Fig. 5: Epigenetic regulation in epidermal growth factor (EGF)-induced epithelial–mesenchymal transition (EMT) in MDA-MB-468 cells.
figure 5

a Representative images showing a change in morphology of MDA-MB-468 cells following 1–5 days of treatment with EGF (20 or 50 ng/ml). b Validation of EMT markers by quantitative reverse transcriptase–polymerase chain reaction (qRT-PCR) in the MDA-MB-468 cell line treated or not with EGF (20 or 50 ng/ml) for 3 days (mean ± SD of at least 3 independent experiments). c Increased change of morphology and intensity of VIMENTIN staining using immunofluorescence (IF) in MDA-MB-468 cells treated or not with EGF (20 or 50 ng/ml) for 3 days. d Increased expression of SNAIL1 in MDA-MB-468 cells treated or not with EGF (20 or 50 ng/ml) for 3 days. e Increased staining in H3K4me2 and H3K27me3 marks using IF in MDA-MB-468 cells treated or not with EGF (20 or 50 ng/ml) for 3 days (representative pictures of 3 independent experiments). f Increased expression of ADAM19 gene quantified by qRT-PCR in MDA-MB-468 cells treated or not with EGF (50 ng/ml) for 3 days. g Ratio of fold change (EMT: EGF treated versus NT: untreated MDA-MB-468 cells) following chromatin immunoprecipitation against H3K4me2 and H3K27me3 marks on the ADAM19 promoter. Dotted line = 1 (mean ± SEM of at least 3 independent experiments) *p < 0.05 and **p < 0.01

In vivo confirmation of the regulation of genes involved in ECM degradation in EMT

To address the question whether the genes involved in the degradation of the ECM degradation was associated with EMT and aggressive subtypes in vivo, we performed a retrospective analysis using previously published transcriptomes issued from NSCLC microarrays (Fig. 6a). We also added the expression of EMT markers as well as the expression of the genes of the ECM degradation signature identified in A549 (upregulated: ADAM19, ADAMTS6, MMP-1, MMP-2, MMP-10, MMP-9, IL32, downregulated: SCNN1A) on this graph. (Fig. 6a, c). As expected, large ADK or squamous lung cancers, which are associated with higher risks of metastasis compared to adenocarcinoma, presented a high expression of the ECM degradation genes and a low expression of epithelial markers compared to normal tissues. These data confirmed that ECM degradation biomarkers induced in our EMT models were associated with EMT and aggressiveness in vivo. Since we also confirmed the ECM degradation signature in our BC models, we analyzed 2627 transcriptomes from BC (Fig. 6b, d). The different subtypes, Luminal A, Her2, Basal, or normal breast tissues, were plotted on a three-dimensional diagram based on the Prediction Analysis of Microarray 50 (PAM50) classification using ESR1, HER2, and KI67 gene expression11. Interestingly, all genes found to be overexpressed (ECM degradation signature) were correlated to mesenchymal markers and to basal-like/mesenchymal subtypes (triple-negative BC), which are associated with a higher risk of metastasis and poor prognosis. On the opposite, the SCNN1A gene was associated with normal breast or Luminal A BC and to the expression of epithelial markers. Moreover, we confirmed, in a cohort of 47 BC, an increased expression of MMP9 and ADAM19 in aggressive tumors as well as a decreased expression of SCNN1A (Supp Fig. 9A). Finally, a positive correlation could be established between ADAM19 and VIMENTIN or MMP9 and VIMENTIN in these samples (Supp Fig. 9B).

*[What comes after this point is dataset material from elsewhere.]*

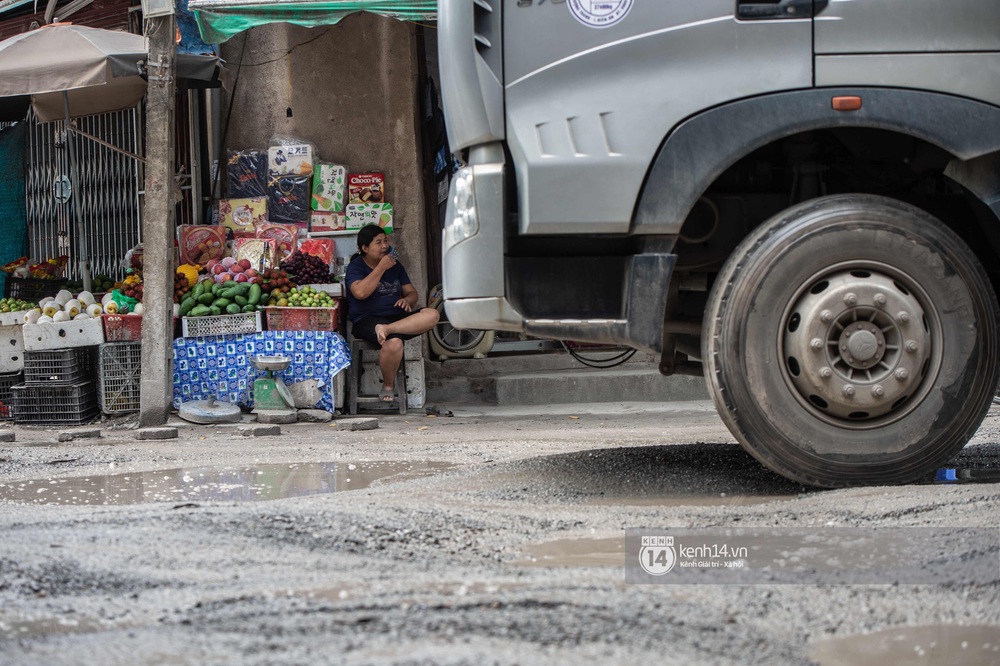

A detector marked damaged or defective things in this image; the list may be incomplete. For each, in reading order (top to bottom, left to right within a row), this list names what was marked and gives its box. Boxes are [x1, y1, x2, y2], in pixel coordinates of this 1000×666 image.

pothole filled with water [0, 462, 456, 504]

These data confirmed that the regulation of genes involved in the degradation of ECM was not specific of a particular model, tissue, or pathology but seemed to be a reliable biomarker of EMT in different cancers in vivo.

Fig. 6: Large retrospective transcriptome analysis in non-small cell lung cancer (NSCLC) or breast cancer (BC) subtypes.
figure 6

Expression of MMP9, ADAM19, and SCNN1A mRNA was correlated to epithelial–mesenchymal transition (EMT) markers in a retrospective analysis using published microarrays. Expression of MMP9, ADAM19, SCNN1A was correlated to EMT markers in a retrospective analysis using microarrays downloaded from public datasets. Heat maps were drawn by hierarchical clustering of gene expression in different samples from lung (a) and breast (c) including primary tumors and normal tissue (“Normal”). High transcript levels are marked in red and low levels are marked in blue. Correlations between these markers were plotted in two dimensions after principal component analysis for NSCLC (b) and for BC subtypes (d)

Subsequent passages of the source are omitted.